Sending lie detectors for Afghan ‘allies’

Fearing as many as 85,000 Afghan army and police recruits may sympathize with the Taliban and aim to murder their American mentors, the Pentagon has deployed dozens more counterintelligence agents to Afghanistan to test the loyalty of recruits with lie detectors.

The “CI surge,” as one US intelligence official called it, casts further doubt on the safety of the training partnership and the entire Afghanistan exit strategy that hinges on it.

Under pressure from President Obama, the military rushed to recruit local Afghans to stand up a national army and police ahead of his announced 2014 troop withdrawal. To process some 7,000 new recruits each month, corners were cut on background checks, allowing insurgents and terrorists to fill the ranks of the now-350,000-member security force.

The massive infiltration has put American and other Western troops at risk of insider attacks by Afghans they’re training and mentoring.

So far this year, uniformed Afghans have carried out 36 insider, or “green on blue,” attacks — more than the previous two years combined — killing 51 American and NATO soldiers. Over the past three years, they’ve murdered a total of 106 foreign soldiers. Most have been shot at close range, many in the back of the head.

I’ve learned that, in response to the escalating attacks, orders have gone out to the Army’s intelligence headquarters at Fort Huachuca, Ariz., for deployment next month of an additional 60 counterintelligence officers to Afghanistan to help administer a form of polygraph test to Afghan security forces.

They will join the roughly 400 CI agents already in the field. But I’m told this new group is skilled at interrogation and working the so-called PKASS lie-detector machines.

Of course, “they can’t do polygraphs on everybody, so they’re limiting it to whoever has the most direct access to Americans,” the official told me.

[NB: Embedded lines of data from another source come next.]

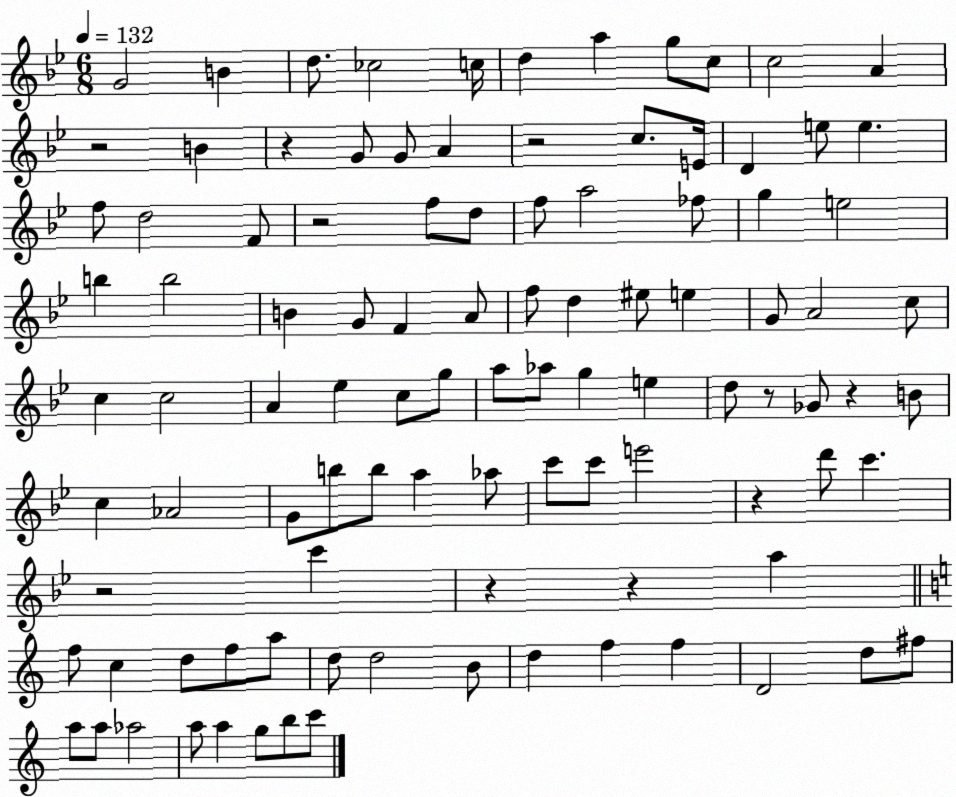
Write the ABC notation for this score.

X:1
T:Untitled
M:6/8
L:1/4
K:Bb
G2 B d/2 _c2 c/4 d a g/2 c/2 c2 A z2 B z G/2 G/2 A z2 c/2 E/4 D e/2 e f/2 d2 F/2 z2 f/2 d/2 f/2 a2 _f/2 g e2 b b2 B G/2 F A/2 f/2 d ^e/2 e G/2 A2 c/2 c c2 A _e c/2 g/2 a/2 _a/2 g e d/2 z/2 _G/2 z B/2 c _A2 G/2 b/2 b/2 a _a/2 c'/2 c'/2 e'2 z d'/2 c' z2 c' z z a f/2 c d/2 f/2 a/2 d/2 d2 B/2 d f f D2 d/2 ^f/2 a/2 a/2 _a2 a/2 a g/2 b/2 c'/2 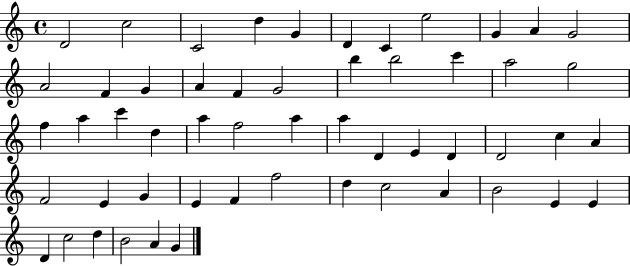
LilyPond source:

{
  \clef treble
  \time 4/4
  \defaultTimeSignature
  \key c \major
  d'2 c''2 | c'2 d''4 g'4 | d'4 c'4 e''2 | g'4 a'4 g'2 | \break a'2 f'4 g'4 | a'4 f'4 g'2 | b''4 b''2 c'''4 | a''2 g''2 | \break f''4 a''4 c'''4 d''4 | a''4 f''2 a''4 | a''4 d'4 e'4 d'4 | d'2 c''4 a'4 | \break f'2 e'4 g'4 | e'4 f'4 f''2 | d''4 c''2 a'4 | b'2 e'4 e'4 | \break d'4 c''2 d''4 | b'2 a'4 g'4 | \bar "|."
} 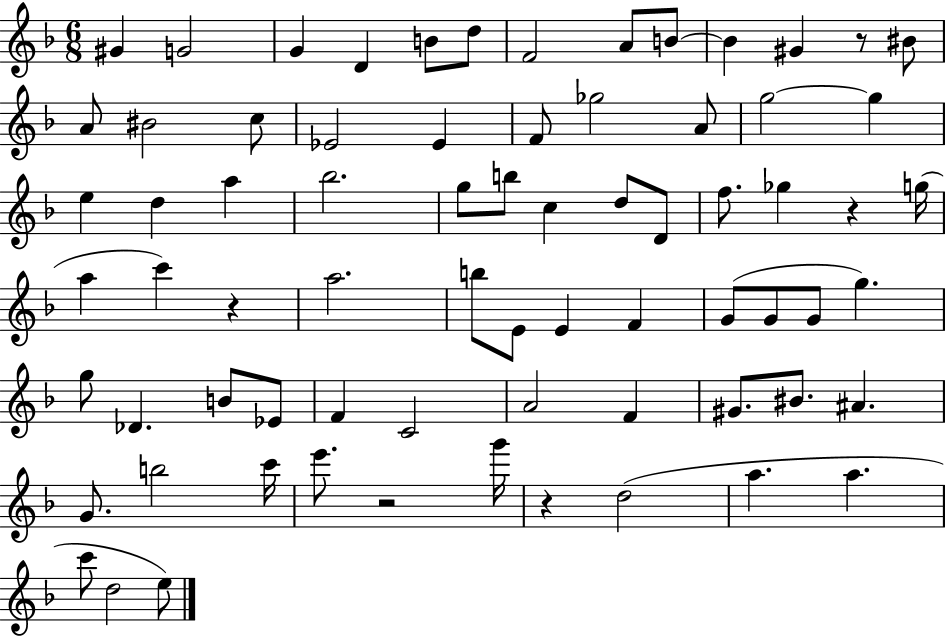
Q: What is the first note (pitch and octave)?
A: G#4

Using language interpreters, agents will ask recruits, among other things, if they sympathize with the Taliban or intend to harm Americans.

The military earlier this month suspended training and joint patrols with Afghans in part to conduct more thorough background checks on recruits, who have been selected by village elders, not by Americans.

Even though the Karzai administration recently ID’d and sacked more than 400 Taliban infiltrators whose sole aim was murdering Western troops, the Pentagon does not trust it to thoroughly vet the national army and police.

US military intelligence now believes as much as 25% of the some 350,000 Afghan security force members are Taliban or al Qaeda operatives and sympathizers.

At that infiltration rate, there could be as many as 87,500 bad guys posing as our partners.

One of the core functions of an American soldier in Afghanistan now is working alongside these armed recruits to train and mentor them in combat and protection techniques. They also live with them inside our bases over there, where they’re not always armed but their Afghan counterparts are.

That’s because Afghans are helping guard our bases. Not surprisingly, many of them have turned their guns on our troops as well.

The private contractors who hired them are now under the control of the Afghan Ministry of Interior — which US intelligence believes has even worse security screening standards than the private contractors. The ministry, which runs the national police, has turned a blind eye to infiltration of its own security forces. In fact, two unarmed senior US officers earlier this year were shot in the back of the head inside ministry headquarters.

To guard against rogue Afghan guards, US commanders have had to place heavily armed “guardian angel” soldiers on duty at bases to protect fellow soldiers as they eat, work out and sleep. Think of the insanity: We have had to double guard our troops because our allies assigned to guard them are actually killing them!

Paul Sperry is a Hoover Institution media fellow and author of “Infiltration.”